> Prompt: Within the entries below, please return exactly the lines from the one with "Set of yellow" through the one with "5501 Riverlake Road", leaving out any pictures.
═════ Given data
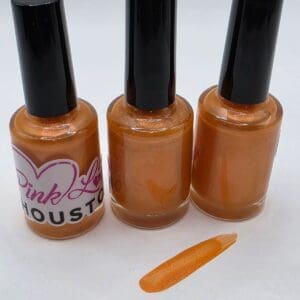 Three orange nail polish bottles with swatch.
══════════
═════ Given data
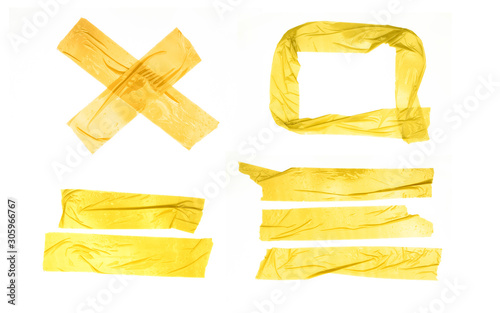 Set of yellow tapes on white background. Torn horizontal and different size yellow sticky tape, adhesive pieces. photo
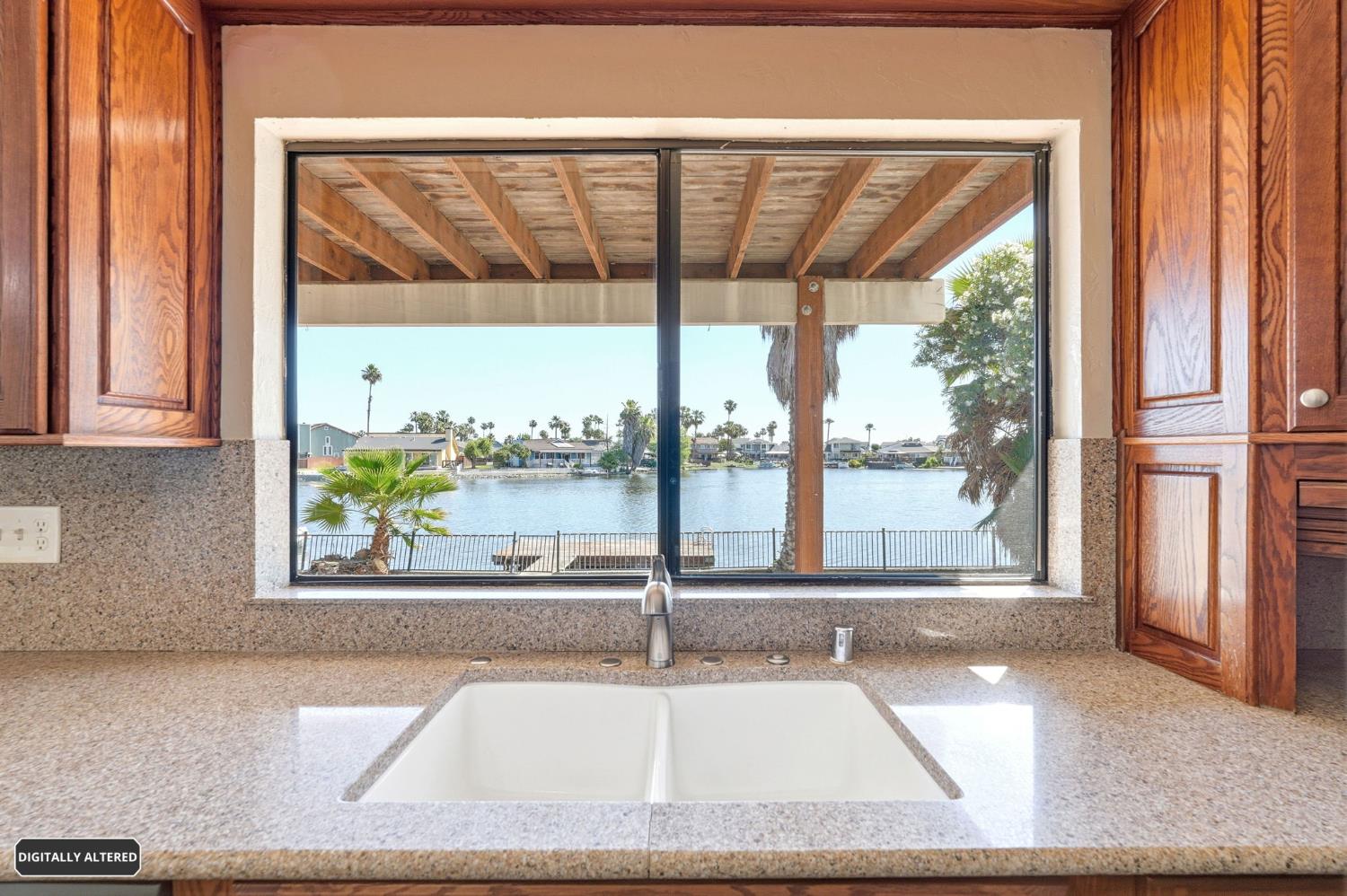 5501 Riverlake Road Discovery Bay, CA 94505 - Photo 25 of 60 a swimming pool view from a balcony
══════════
> Solution to this task:
 Set of yellow tapes on white background. Torn horizontal and different size yellow sticky tape, adhesive pieces. photo
 5501 Riverlake Road Discovery Bay, CA 94505 - Photo 25 of 60 a swimming pool view from a balcony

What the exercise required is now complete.